The Social Security Amendments Act of 1950 transformed the program from an unpopular tax linked to a distant promise of meager benefits (which inflation was wiping out) into a seemingly phenomenal return on investment (which no honestly conducted private business could promise). The first generation of retirees under the program would receive a guaranteed return more than 12 times that to be had by investing in Treasury bonds.[28]

Originally, the theoretical bases for Social Security were as a form of insurance and as a safety net for old age. These were abandoned for a new logic, which justified the indiscriminate bloat of the Old-Age, Survivors, and Disability Insurance (OASDI) program as offering individuals at all income levels a good return on investment.[29]

Economist Paul Samuelson argued that so long as the growth of wages and population exceeded the rate of interest, a pay-as-you-go pension system could provide each person with larger retirement benefits than they contributed in payroll taxes.[30] “A growing nation,” Samuelson boasted in Newsweek in 1967, “is the greatest Ponzi ever contrived”—and he predicted that these trends would continue “as far ahead as the eye cannot see.”[31]

That unbridled optimism exacerbated neglect of the net redistributive effect of the program, which economists in the 1960s found impossible to calculate.[32] But it was music to the ears of the post–World War II generation of politicians, who used it to justify the expansion of benefits, funded by the escalation of regressively structured payroll taxes, which would only fully phase in 20 years later (Figure 1).[33]

Figure 1

OASDI Payroll Tax Rates, Revenues, and Expenditures by Year

Rapid economic growth in the decades after World War II generated unanticipated windfalls that made the generous expansion of benefits seem justified under the new logic.[34] This was augmented by the expansion of the program to cover new groups of workers, such as farmers and the self-employed, who would contribute payroll taxes without claiming benefits for many years to come.
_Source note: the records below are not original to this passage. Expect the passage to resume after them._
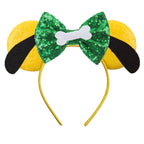 2026 Trip Mouse Ears Headband for Girls Women Sequin Castle 5"Bow Hairband Festival Party Cosplay DIY Hair Accessories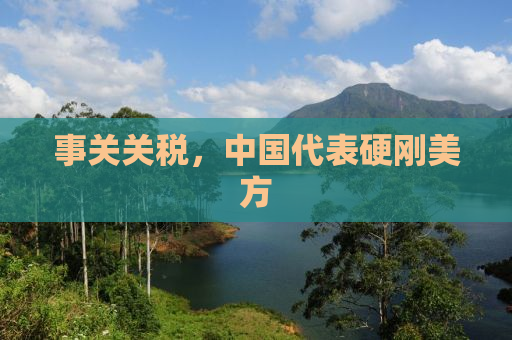 事关关税，中国代表硬刚美方
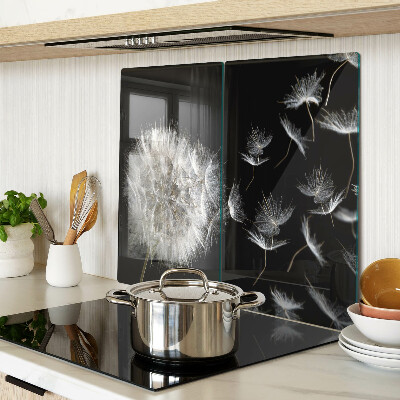 Tábua para corte Dente-de-leão em fundo preto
That was also true of the influx of women into the workforce.

Over time, Congress became accustomed to election-year bidding wars between the parties to hike benefits to make up for inflation and share the proceeds of economic growth with seniors. After compounding benefit increases of 15% in 1969, 10% in 1971, and 20% in 1972 suggested this competition was getting out of hand, Congress and the Nixon administration agreed to legislation that would automatically increase benefits in line with inflation.[35]

By the early 1970s, the program was reaching maturation. The proportion of the elderly entitled to benefits began to approach the share of covered workers contributing to payroll taxes.[36] As it came time to pay out the promised benefits, each of Samuelson’s assumptions quickly fell apart. The general rate of inflation surged beyond the rate of wage growth—causing the program’s costs to compound beyond its payroll tax revenues.[37] Rising unemployment further reduced payroll tax revenues.[38] Demographics also became a problem. As birth rates declined and life expectancy increased, the ratio of workers to retirees declined from five to one in 1960 to three to one in 1980—and the Social Security Administration projects the ratio to fall further, to two to one, by 2040.[39]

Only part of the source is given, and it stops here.